Hit the ground running

So, due to life being busier than a 1 legged dude at a butt kickin’ contest – I totally forgot to post about showing the game at Cleveland Gaming Classic 2023. Each year it keeps getting bigger and I LOVE that its right in my backyard. I met some amazing dev from Youngstown and was thrilled they won an award for their game ‘Secrets of Hope’  

I did meet with one of the organizers from GDEX, and they are going back to the video games only format they had when I started showing Booper. While the long haul to Columbus isn’t my favorite thing to do, hanging with my brother-in-law and seeing people from different parts of the state (and beyond) is always exciting.

 

Painting

painting of a family in a car with zoo animals
A commission that helped propel my game further!

Shortly thereafter, I came across a Twitter post asking if anyone wanted to do a family portrait; a yearly tradition for them. I threw a couple of pix in the post, thinking I’d never hear back. Surprisingly, the poor fellow got swamped with bots and apologetically followed up 2 weeks later giving me details of what he wanted. This was outside my style and really pushed me to try different things – I’d never really painted animals before!

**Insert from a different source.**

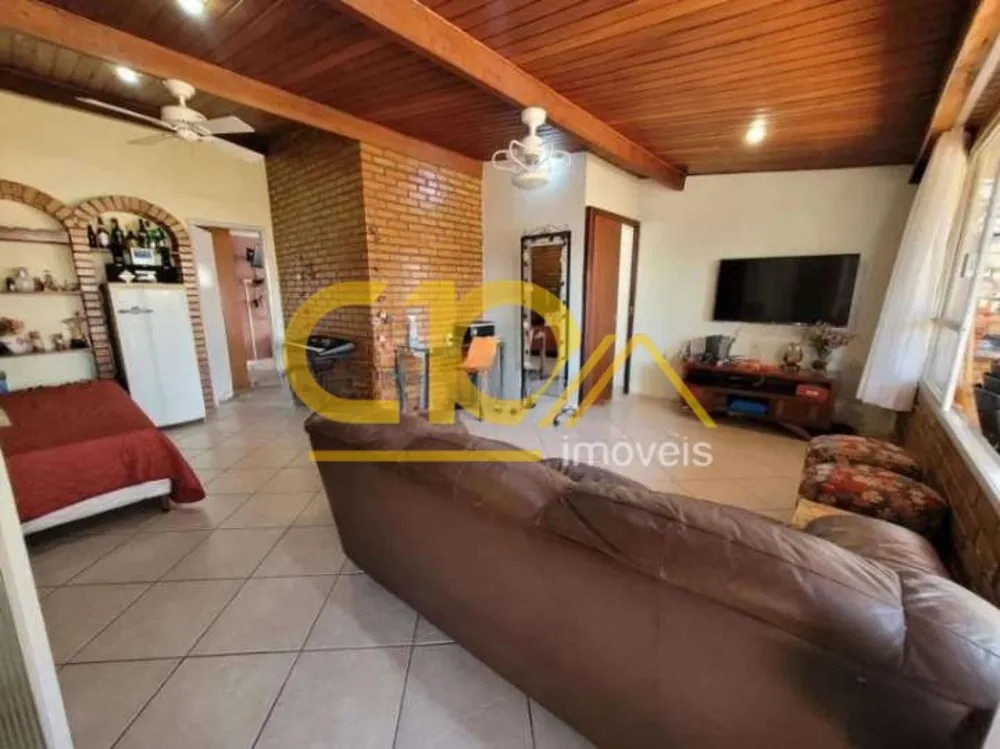 Cobertura, 5 quartos, 180 m² - Foto 1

I decided that the years residuals from selling art were enough to treat myself and my game to a little upgrade. I bought myself a Quest 3 and I hired a composer to try and get a sad song for an emotional part of Booper’s journey. I was taken aback by how many composers didn’t do lyrics. After a pretty lengthy search, I did find a woman who sounded like my niece, who I wanted to perform, and she had a composition on piano – which I wanted for my nephew to play.

Weeks later, on a somber Monday morning, I opened my email to see she had something for me. I sat there with coffee in hand and tears streaming down my face as I heard the sample – it was dead on perfect. My youngest, hearing me listen to it, asked if that was my niece singing – which further solidified my feeling this was exactly what I was looking for.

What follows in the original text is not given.